Explanck: An expression evaluator (Part 3)

Apr 3, 2022 · 1757 words · 9 minute read

In this series' last post, we discussed the threat of ambiguous grammars for math expressions, and we generated an unambiguous grammar for explanck. In this post, we will write a parser based on our grammar.

The main goal of our parser is to generate an abstract syntax tree from the sequence of tokens returned by our tokenizer¹. While many parsing algorithms are available ², we will focus on a type called Recursive Descent Parsing in this post.

Recursive Descent Parsing 🔗

Let’s remind ourselves of the grammar again:

expression -> term
term -> factor (("+" | "-") factor)*
factor -> power ((" * " | "/") power)*
power -> primary ("^" primary)*
primary -> NUMBER | "(" expression ")"

Recursive descent is a top-down ³ parser that associates each rule name (a.k.a non-terminal) in our grammar with a function.
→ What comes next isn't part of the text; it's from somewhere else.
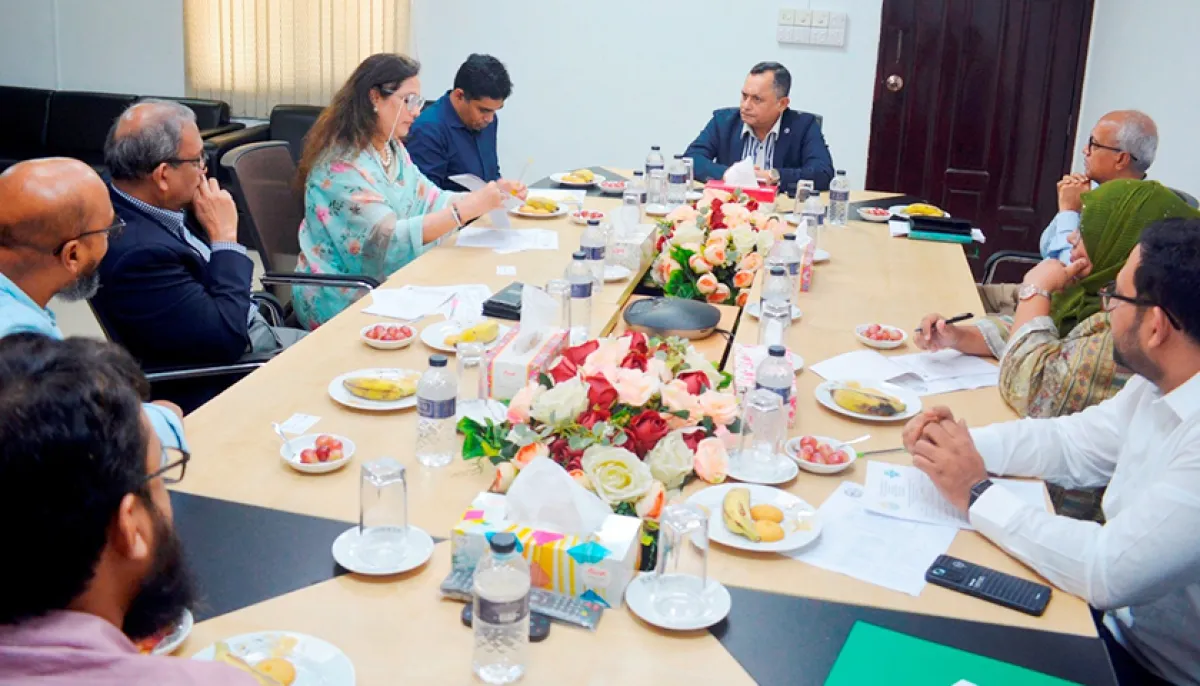 Accreditation visit completed at premier universitys department of business administration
It is called top-down because it goes from the lowest precedence rule (expression, in our case) to the highest precedence rule (primary, in our case).

Recursive Descent

As we implement the parser, keep the following in mind wrt to explanck’s grammar above:

Each non-terminal is a separate method, and each method produces an abstract syntax tree and returns it to the caller
| means “or” which means we must choose from multiple options. In our code, we will make this choice in an if statement
(...)* means zero or more of whatever is within the parentheses. We will represent this using a while loop, with the while loop’s condition enforcing the “zero or more” part

Okay, let’s begin implementation.

First, we define a Parser class that accepts a list of tokens in its constructor and keeps track of the last token that has been processed.
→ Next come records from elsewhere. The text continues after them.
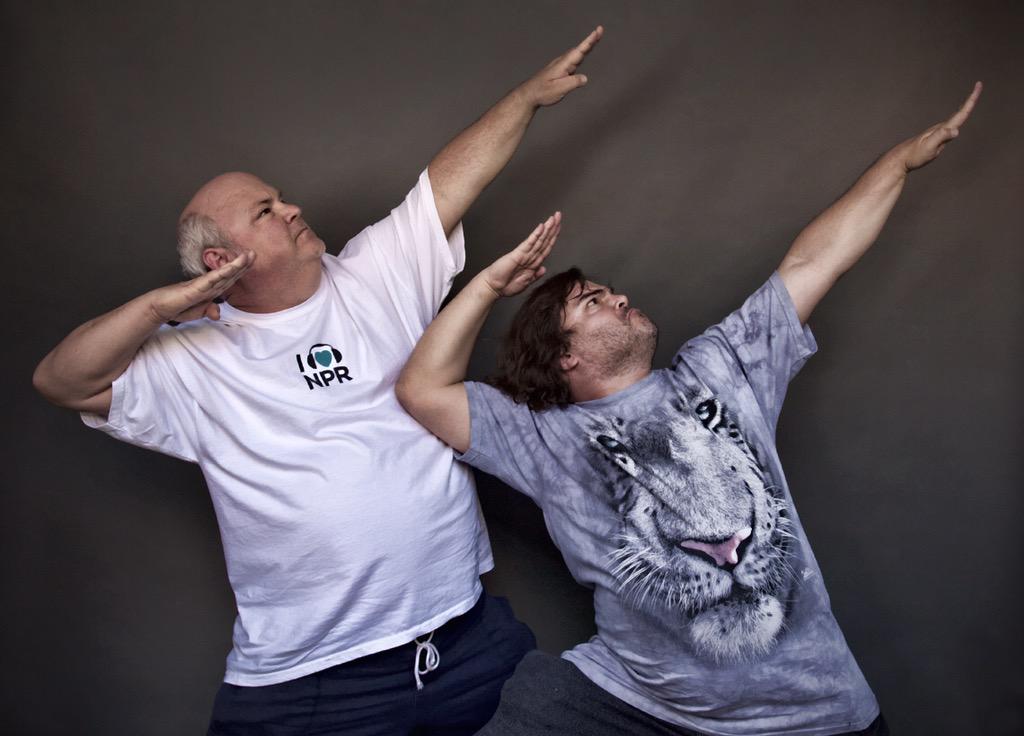 jason_bentley's tweet photo. Today on @mbeKCRW at 10am - Tenacious D takeover 89.9fm to announce Festival Supreme 2015 http://t.co/0cMecH2bqo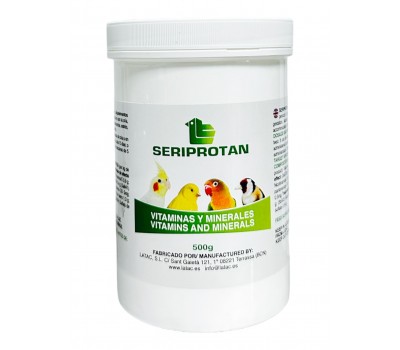 Seriprotan de Latac (Vitaminas y minerales)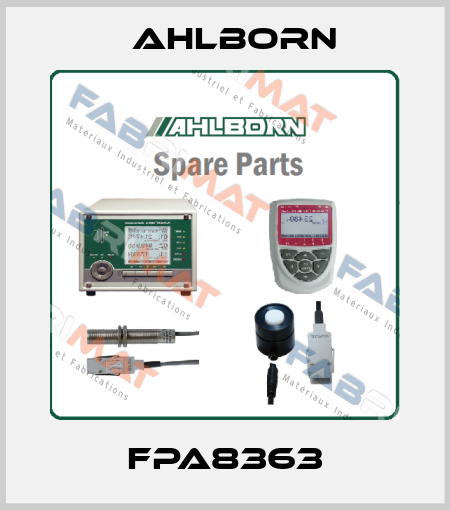 FPA8363 Ahlborn
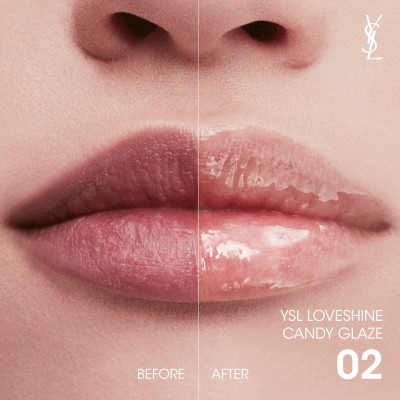 2 - Yves Saint Laurent Loveshine CandyGlaze 2 Healthy-Glow Plumper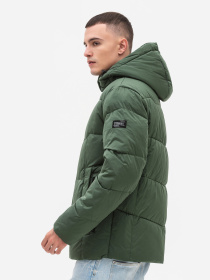 Зимова куртка BLACK VINYL модель 24-2566-1 Фото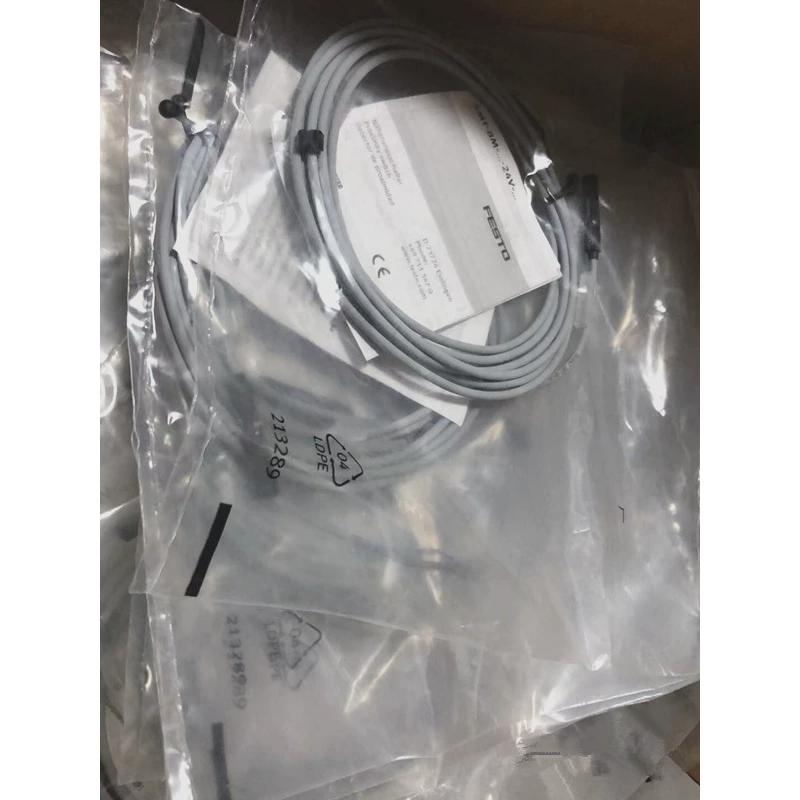 费斯托连接电缆SIM-M8-3WD-5-PU：工业自动化必备神器，轻松搞定设备连接难题！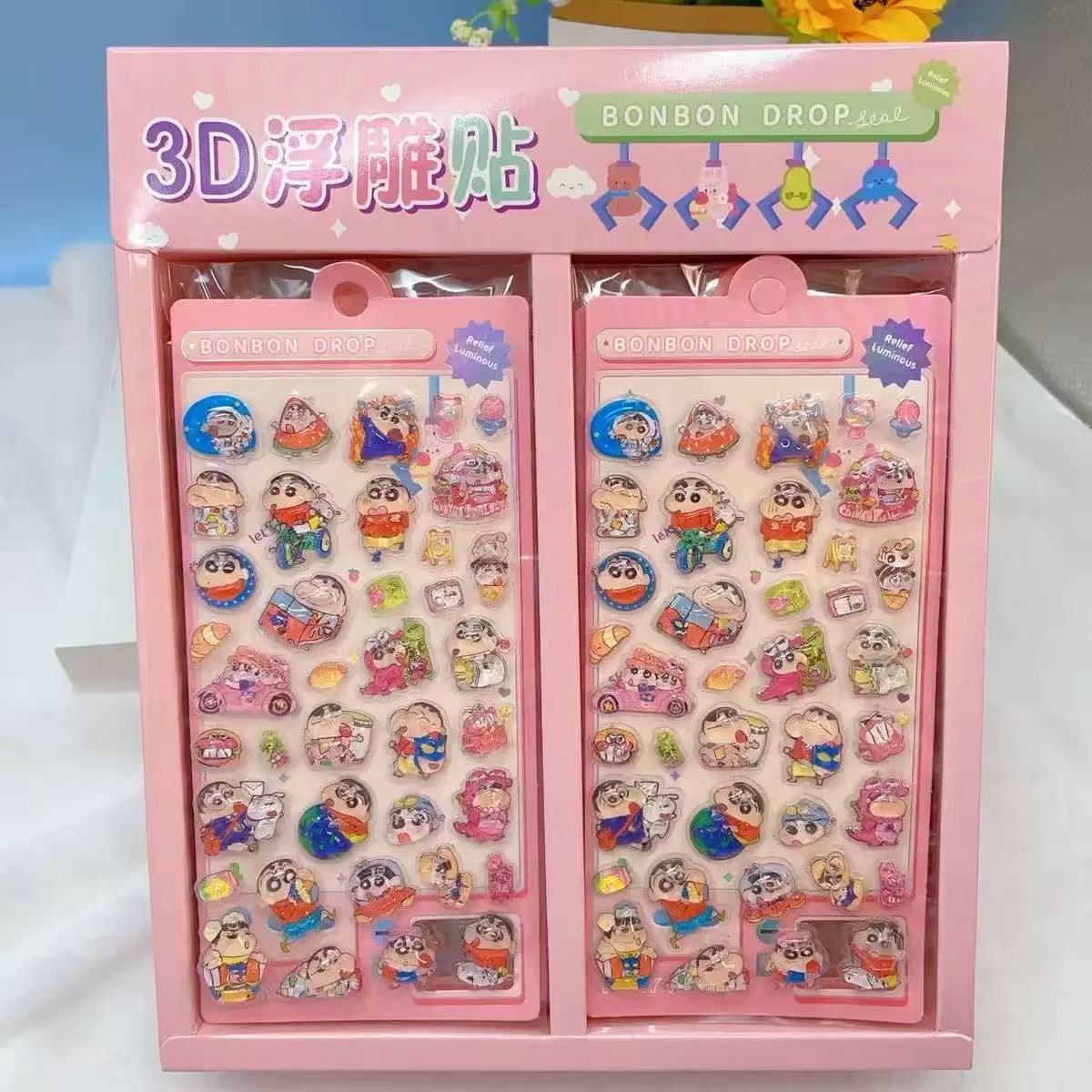 Sanrio cute pet stickers - high-quality kuromi shaker water decals - diy decorative stickers for kids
and implement the logic for the two lowest precedence rules: expression and term.

class Parser {
	// Tok keep track of processed tokens.
	private int current = 0;
	Parser(List<Token> tokens){}
}

According to the grammar, expression simply expands to term, so in our code we return term() in expression().

// In Parser.java
private Expr expression(){
	return term();
}

term is a little more interesting. Remember that term’s rule is term -> factor (("+" | "-") factor)*. The first * factor* non-terminal translates to a call to the factor(). Then the (...)* part of the body means a while loop. Within (...)*, we have two parts: ("+" | "-") and factor.

The first part - ("+" | "-") - represents the condition that must be met for the block of code within the while loop to execute. That is, the block of code within the while loop will continue to execute as long as the next token in our expression is “+” or “-”.
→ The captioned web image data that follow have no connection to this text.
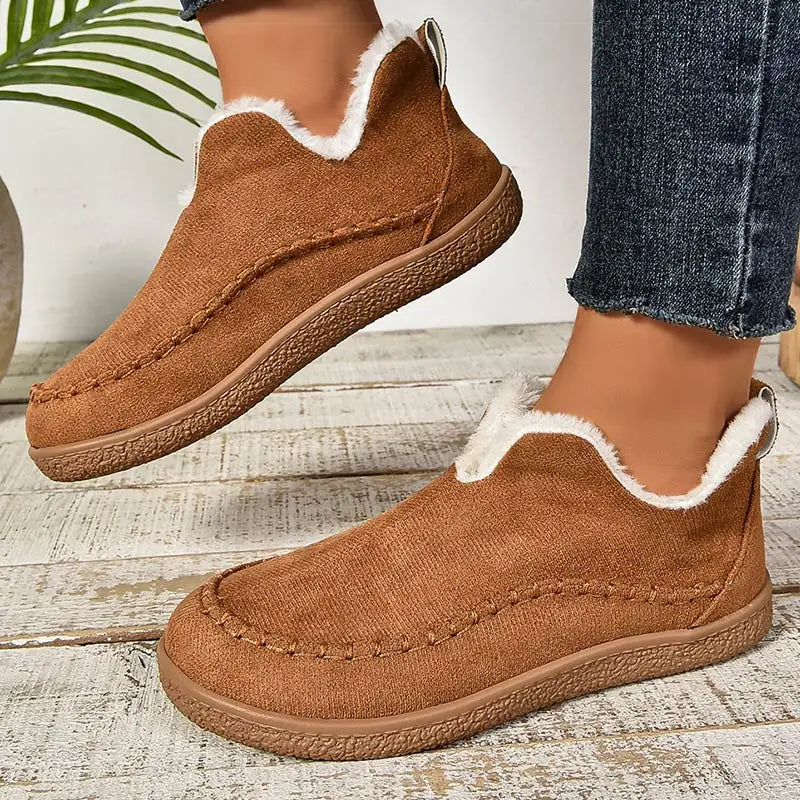 Women's Orthopedic Slip-On Slippers with Non-Slip Sole™ – Wohltuende Unterstützung für jeden Schritt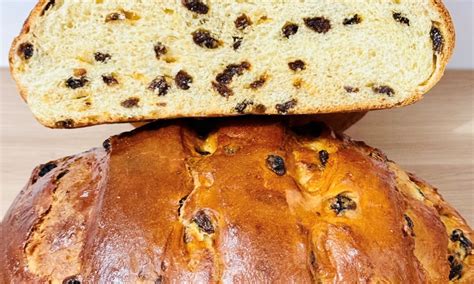Fotografija skutinega narastka z rozinami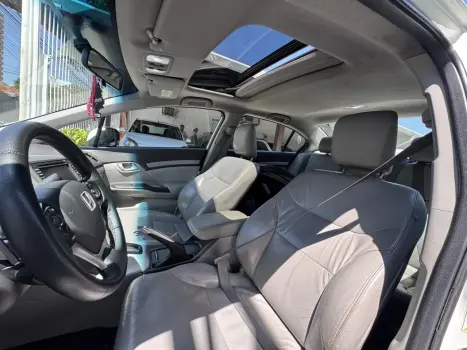 HONDA Civic 1.8 16V 4P FLEX EXS AUTOM�TICO, Foto 9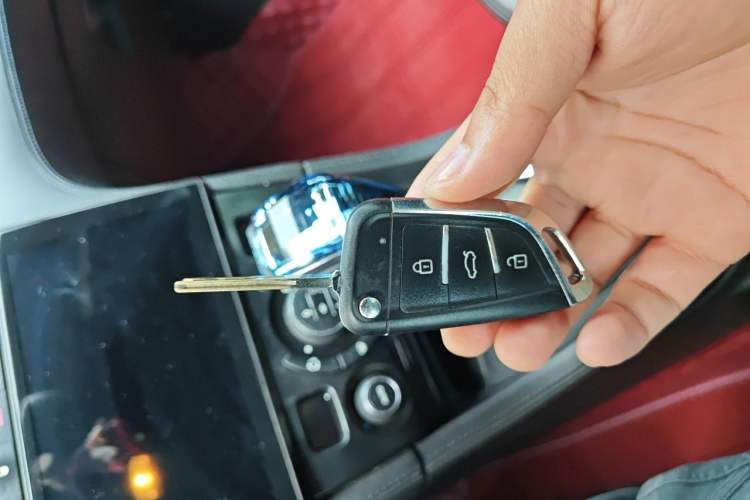 Used Peugeot RCZ 2011 1.6T Luxury Elegant Model Vehicle Key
And the second part - factor - represents the code that will execute within the while loop as long as the condition is met.

// In Parser.java
private Expr term(){
	Expr expr = factor();

	while(nextToken(TokenType.MINUS) || nextToken(TokenType.PLUS)){
		Token operator = previous();
		Expr right = factor();
		expr = new Binary(expr, operator, right);
	}
}

// Checks if the next token is a particular token type
private boolean nextToken(TokenType type){
	if (!isAtEnd()) return false;

	if (tokens.get(current).type == type) {
		current++;
		return true;
	}

	return false;
}

private Token previous(){
	return tokens.get(current - 1); 
}

Once we enter the while loop in term(), we know that we are parsing a term expression (i.e. an expression with “+” or “-"), so the call to factor() within the loop is to resolve the right operand of the expression. Once we determine the right operand, we create a new Binary expression.

The while allows us to keep checking for term operators as long as they exist, making it possible to handle expressions like 2 + 3 - 5, which contains more than one term operator. After creating a Binary object for 2 + 3 like Binary(2, PLUS, 3), the while loop will keep checking and find - and then resolve the right operand: 5. Our final object will be Binary(Binary(2, PLUS, 3), MINUS, 5).

One important thing to note here is that even if we get an expression like 2 * 3 with no term operator, term() will still resolve this expression by calling the first factor(). In this way, term() can resolve term expressions or any other expressions with higher precedence. This is what I meant in the last post by “each rule will only match expressions at their precedence level or higher” .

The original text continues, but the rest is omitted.